PROBLEM:
Where the line containing "Beyaz tişört ve" appears below, begin there and reproduce each line exactly through the last one, omitting pictures.

INFORMATION PROVIDED:
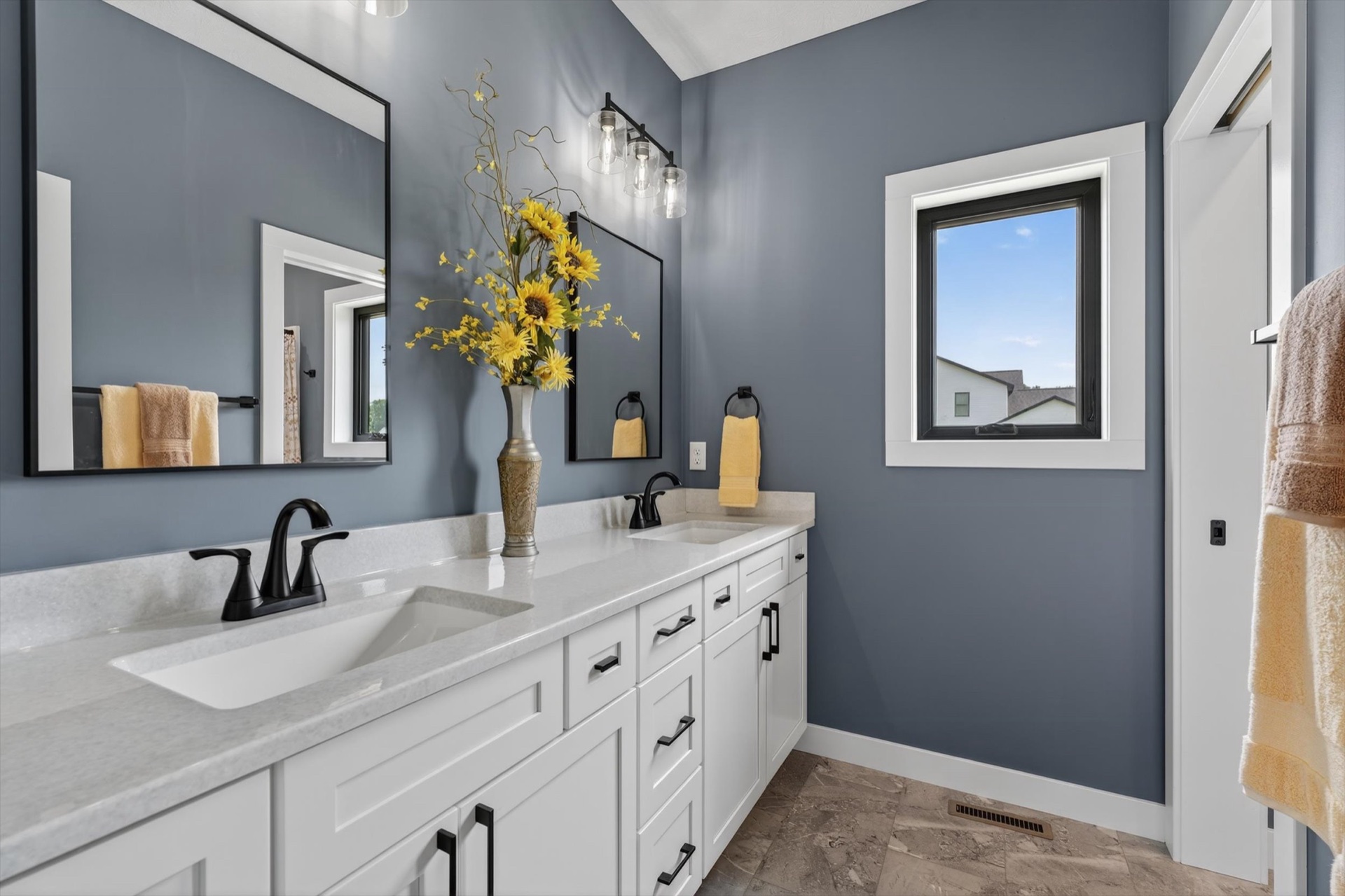 Custom bathroom with double vanity, blue accent walls, and matte black fixtures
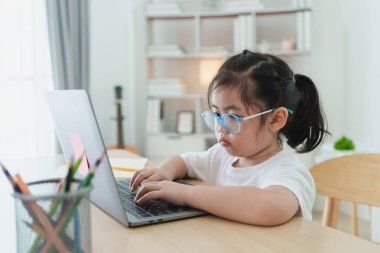 Beyaz tişört ve gözlük giyen Asyalı bir kız bebek evdeki oturma odasındaki ahşap masada dizüstü bilgisayar kullanıyor ve ders çalışıyor. Eğitim öğrenimi online olarak ev kavramından.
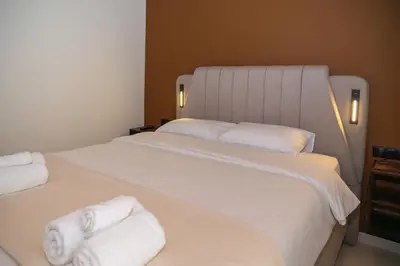 a bedroom with a large white bed with towels on it at Athens apartment near city centre in Athens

TASK SOLUTION:
 Beyaz tişört ve gözlük giyen Asyalı bir kız bebek evdeki oturma odasındaki ahşap masada dizüstü bilgisayar kullanıyor ve ders çalışıyor. Eğitim öğrenimi online olarak ev kavramından.
 a bedroom with a large white bed with towels on it at Athens apartment near city centre in Athens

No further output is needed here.